Locate each line with the string "Avenue" in the listing below and copy it.

[Opening Given records section]

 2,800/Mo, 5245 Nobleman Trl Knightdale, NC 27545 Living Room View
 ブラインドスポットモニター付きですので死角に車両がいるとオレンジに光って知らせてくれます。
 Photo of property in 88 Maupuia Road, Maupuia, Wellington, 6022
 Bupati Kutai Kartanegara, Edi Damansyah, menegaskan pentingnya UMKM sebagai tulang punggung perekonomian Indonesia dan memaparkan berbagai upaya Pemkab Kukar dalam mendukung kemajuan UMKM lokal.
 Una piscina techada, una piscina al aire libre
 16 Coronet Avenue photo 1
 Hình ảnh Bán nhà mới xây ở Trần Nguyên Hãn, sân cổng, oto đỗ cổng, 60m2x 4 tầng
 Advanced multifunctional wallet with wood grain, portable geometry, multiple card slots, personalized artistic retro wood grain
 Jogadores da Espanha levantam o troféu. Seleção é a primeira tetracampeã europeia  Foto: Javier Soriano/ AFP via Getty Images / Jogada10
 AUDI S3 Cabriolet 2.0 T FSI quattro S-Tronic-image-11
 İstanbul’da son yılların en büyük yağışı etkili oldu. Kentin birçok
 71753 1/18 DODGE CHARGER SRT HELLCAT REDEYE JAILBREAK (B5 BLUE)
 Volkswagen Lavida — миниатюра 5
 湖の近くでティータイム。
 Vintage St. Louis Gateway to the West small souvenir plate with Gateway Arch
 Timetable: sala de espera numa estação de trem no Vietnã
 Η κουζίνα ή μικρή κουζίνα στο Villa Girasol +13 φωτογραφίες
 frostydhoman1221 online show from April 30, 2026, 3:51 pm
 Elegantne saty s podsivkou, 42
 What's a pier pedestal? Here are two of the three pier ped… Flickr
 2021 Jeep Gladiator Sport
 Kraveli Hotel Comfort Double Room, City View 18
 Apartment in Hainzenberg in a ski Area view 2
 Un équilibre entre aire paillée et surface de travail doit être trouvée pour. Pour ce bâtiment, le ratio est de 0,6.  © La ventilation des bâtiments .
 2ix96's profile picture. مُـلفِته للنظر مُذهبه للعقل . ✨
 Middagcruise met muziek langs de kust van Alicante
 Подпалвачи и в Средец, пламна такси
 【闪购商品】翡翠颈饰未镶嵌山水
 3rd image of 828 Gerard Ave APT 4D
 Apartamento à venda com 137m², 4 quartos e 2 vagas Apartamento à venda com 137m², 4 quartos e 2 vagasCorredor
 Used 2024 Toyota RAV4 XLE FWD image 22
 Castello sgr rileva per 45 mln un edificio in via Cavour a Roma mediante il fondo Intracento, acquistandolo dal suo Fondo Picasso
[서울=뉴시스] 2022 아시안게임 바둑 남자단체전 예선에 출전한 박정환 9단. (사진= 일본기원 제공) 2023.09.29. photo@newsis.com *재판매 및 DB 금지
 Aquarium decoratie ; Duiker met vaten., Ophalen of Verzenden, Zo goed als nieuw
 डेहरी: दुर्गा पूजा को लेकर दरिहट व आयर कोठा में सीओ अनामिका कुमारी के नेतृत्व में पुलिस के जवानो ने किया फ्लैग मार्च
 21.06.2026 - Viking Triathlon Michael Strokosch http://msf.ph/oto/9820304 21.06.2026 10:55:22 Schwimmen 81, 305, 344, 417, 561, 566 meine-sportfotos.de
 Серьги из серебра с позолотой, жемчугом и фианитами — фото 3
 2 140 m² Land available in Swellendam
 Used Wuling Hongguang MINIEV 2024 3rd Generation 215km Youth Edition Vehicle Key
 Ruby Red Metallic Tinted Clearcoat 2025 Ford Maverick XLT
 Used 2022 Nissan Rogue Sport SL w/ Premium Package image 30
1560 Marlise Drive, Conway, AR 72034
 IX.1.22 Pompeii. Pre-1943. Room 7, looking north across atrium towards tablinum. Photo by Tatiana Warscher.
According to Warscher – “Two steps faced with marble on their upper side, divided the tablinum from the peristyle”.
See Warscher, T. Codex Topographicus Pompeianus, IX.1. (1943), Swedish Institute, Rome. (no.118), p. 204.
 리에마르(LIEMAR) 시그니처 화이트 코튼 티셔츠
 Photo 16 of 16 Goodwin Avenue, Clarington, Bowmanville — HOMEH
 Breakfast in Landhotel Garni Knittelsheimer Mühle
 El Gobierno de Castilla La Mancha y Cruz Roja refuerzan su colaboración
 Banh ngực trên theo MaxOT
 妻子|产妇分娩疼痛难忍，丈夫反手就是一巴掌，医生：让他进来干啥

[Closing Given records section]

● Reply to the exercise
 16 Coronet Avenue photo 1
 Photo 16 of 16 Goodwin Avenue, Clarington, Bowmanville — HOMEH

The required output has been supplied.